Here, Dawkins originates “the Ultimate Boeing 747 gambit,” inspired by astrophysicist Sir Fred Hoyle. Hoyle remarked that the odds of life on Earth occurring through unguided evolution are the equivalent of a hurricane sweeping through a junkyard and assembling a jumbo jet.
Dawkins turns this inside out: “Any God capable of designing a universe, carefully and foresightedly tuned to lead to our evolution, must be a supremely complex and improbable entity who needs an even bigger explanation than the one he is supposed to provide.”

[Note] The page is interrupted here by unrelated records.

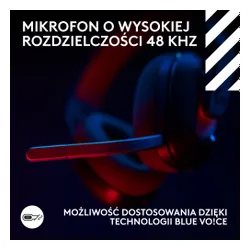 Logitech A20 X Czarne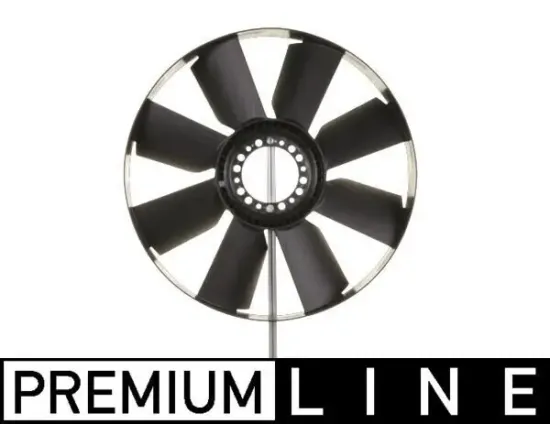 Kupplung, Kühlerlüfter MAHLE CFC 123 000P Bild Kupplung, Kühlerlüfter MAHLE CFC 123 000P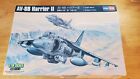 1/18 - McDonnell Douglas AV-8B Harrier II - Hobby Boss # 81804 (no decals)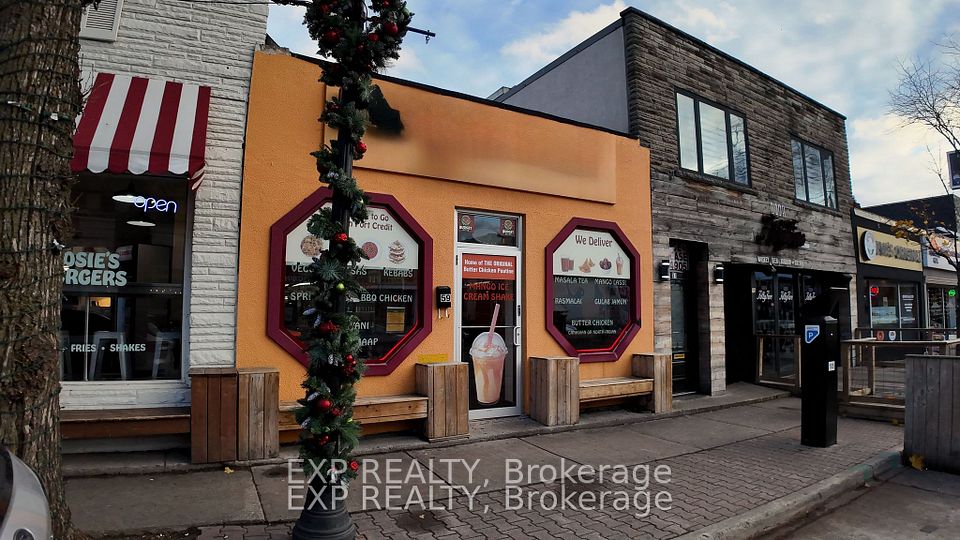 59 Lakeshore Road E, Mississauga, ON L5G 1C9
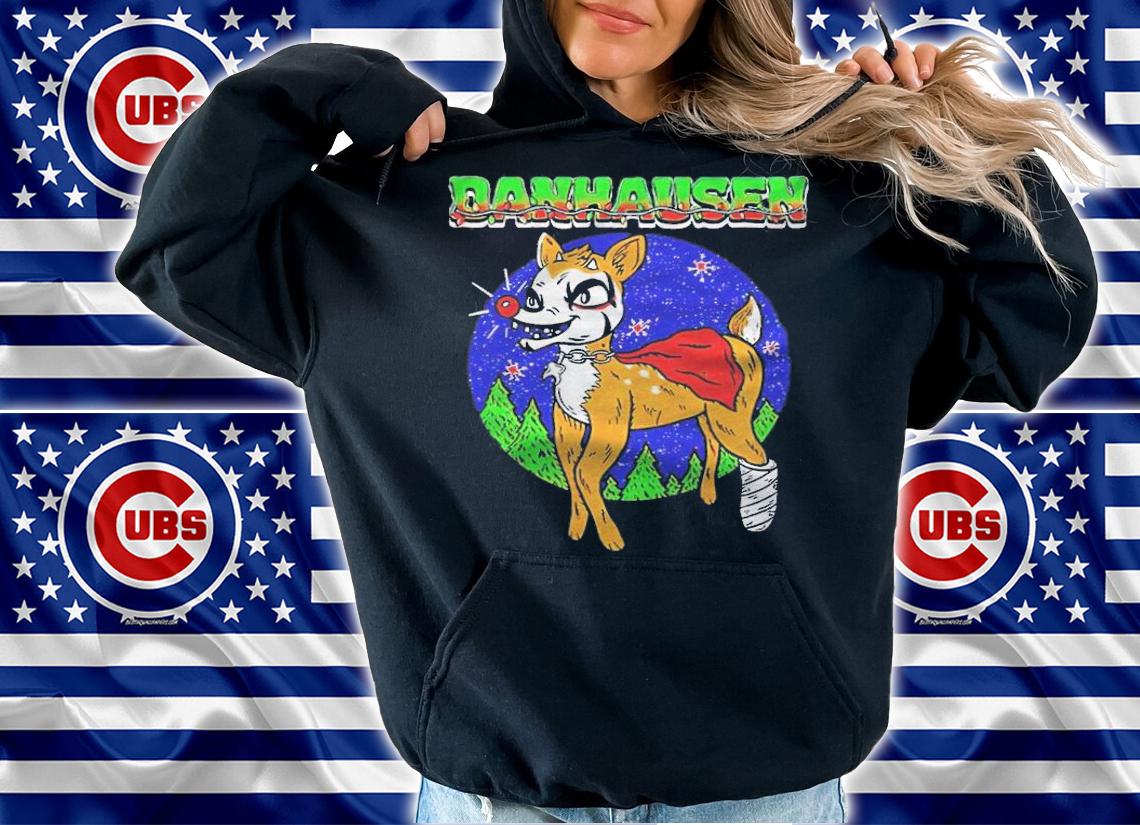 Awesome Danhausen rudolph hausen T-shirt t-shirt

“It is obviously no solution to postulate something even more improbable” than the improbable cosmos we actually inhabit, he concludes, and since the simplest explanation is best “there almost certainly is no God.” (Both sides say total, scientific-style proof for or against God is impossible.)
Having dismissed any need for God as designer of the universe, Dawkins zips through other arguments:
* Without God, how do we explain humanity’s universal sense of morality? That question coaxed Collins toward faith, but Dawkins thinks some evolutionary mechanism operates.
* How do we explain beauty apart from God? Dawkins says we can appreciate Bach or Michelangelo without believing God inspired them.
* Widespread spiritual experience? He says our minds play tricks on us.
* Dawkins also pooh-poohs the classical proofs of Thomas Aquinas – for instance, that every effect has a prior cause so the ultimate cause must be God.
Related and notable:
* Sam Harris, whose best-selling “The End of Faith” had Dawkins-style flaws, pursues matters in the brief “Letter to a Christian Nation” (Knopf).
* Jewish journalist Pamela Winnick critiques scientific efforts to supplant faith in “A Jealous God: Science’s Crusade Against Religion” (Nelson Current).